Here is a very instructive story concerning a Best Buy customer that was posted on MSNBC.
The woman filing the $54 million suit against Best Buy seems to have a legitimate argument against the chain. I agree with the customer that Best Buy should have treated her better. Being given the runaround is a terrible way to do business, and she certainly should be compensated, and for more then the original $2,100 settlement offer the customer requested.
With that said, Seagate, Western Digital and Toshiba should make this case their poster child for selling their external storage products.

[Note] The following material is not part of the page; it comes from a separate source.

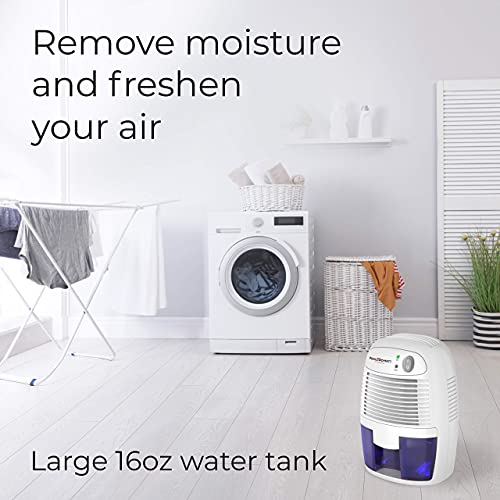 https://m.media-amazon.com/images/I/41ME8D-yCFS._SL500_.jpg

This is because while making her case against Best Buy, what she really did was prove her own culpability. By saying she lost all her personal and financial data on the laptop when Best Buy misplaced it, thus leaving herself open to identity theft, she proved her own irresponsibility.
While I hate to blame the victim, her actions that led to this loss make this case almost as frivolous as the one concerning the person who won millions from McDonalds for serving her hot coffee and then blaming the restaurant when she spilled it on her own lap.
In the Best Buy case the woman said she traveled the world with all her personal info stored on the laptop. I suppose she did so simply because she could. Prior to the digitization of personal data, it was physically impossible to wander about the world with your tax returns, banking records and thousands of photos and CDs on your person. But just because you can does not mean you should.
What makes this woman, again to me, even more responsible for creating this situation is how simple it is to back up your data so it can be kept in a safe location. You lock your front door when you leave your house, you lock you car at the mall and you leave your important data at home. Today, anyone capable of operating a laptop should understand the danger of storing vital records on a device that leaves their home, as well, as the value of having an external hard drive or burning the data to CD or DVD.
I do hope this customer gets some compensation for her lost property and that the case leads to better customer service at Best Buy, but it should also be a warning to the general public to be aware of where they store their data.